I agree that from the SPI bus standpoint I did not take multiple SPI users
into account, but that is kind of a special scenario on purpose. I am also a
hardware designer, and as such I would never hook up an MCP2518FD to an SPI
bus that I know will also be used for other peripherals at the same time. It
would kill CAN bus performance. In essence, it would be a broken design. I
know this is short sighted, because others might still want to do this, so you
have a good point there.
On what respects the user-space application talking to the network interface,
of course it could be multi-threaded, or even multiple applications using CAN,
but that doesn't change much of what happens in the kernel. The CAN interface
is still one physical interface, so at the CAN driver level all transactions
are serialized and can be viewed as single threaded from the SPI driver point
of view.
Maybe I need to explain some more details about the nature of the CAN bus
(network): CAN is based on small frames of up to ca 130 bits max, at bit-rates
that can go up to 1Mbit/s. It is intended for semi-hard real-time communication
with low or very-low latency. An application should ideally be able to receive
a single CAN frame and send out a response almost immediately. This is not a
micro-benchmark in this sense, but a realistic scenario of how CAN bus
applications work. The J1939 protocol for example is mostly based of
single-frame command-response schemes, which do not allow for in-flight
commands. This means that each command needs to be responded to before the next
command can be sent by the other party. This makes it essential, that reaction
to incoming messages and processing of them be as fast as possible, specially
for single messages.
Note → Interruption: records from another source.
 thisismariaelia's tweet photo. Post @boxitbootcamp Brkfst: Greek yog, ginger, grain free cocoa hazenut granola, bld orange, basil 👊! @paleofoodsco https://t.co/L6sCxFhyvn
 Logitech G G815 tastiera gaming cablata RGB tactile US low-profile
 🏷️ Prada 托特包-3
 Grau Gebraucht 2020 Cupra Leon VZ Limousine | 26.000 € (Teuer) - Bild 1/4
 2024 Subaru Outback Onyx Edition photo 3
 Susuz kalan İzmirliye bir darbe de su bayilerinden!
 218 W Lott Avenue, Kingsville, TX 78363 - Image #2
The CAN networking layer in the kernel even has a special
CAN receive off-loading ring-buffer mechanism that can be called in hard-IRQ
context [1]. Regular (ideal) CAN controllers are connected to a fast local bus,
so that the driver can access interrupt-flag and receive data registers in
real-time from hard-IRQ context, and that works very well.
Obviously, an SPI connected CAN controller is far from ideal, but in practice
it is possible to get quite close to local-bus CAN controller performance...
just not with current spi.c code.

> High level it feels like you are approaching this at the wrong level, as
> far as I can tell you are proposing a completely separate API for
> drivers which cuts out all the locking which doesn't seem like a very
> usable API for them as the performance characteristics are going to end
> up being very system and application specific, it's going to be hard for
> them to assess which API to use.  I'm not seeing anything here that says
> add a new API, there's certainly room to make the existing API more
> performant but I don't see the jump to a new API.

Of course it would be great if we could just make the current sync API more
performant, but I had given up trying. Maybe if we can somehow implement the
fast-path in the same API that might work, but that seems like a daunting task
to me. This is an RFC, so I am open to suggestions of course.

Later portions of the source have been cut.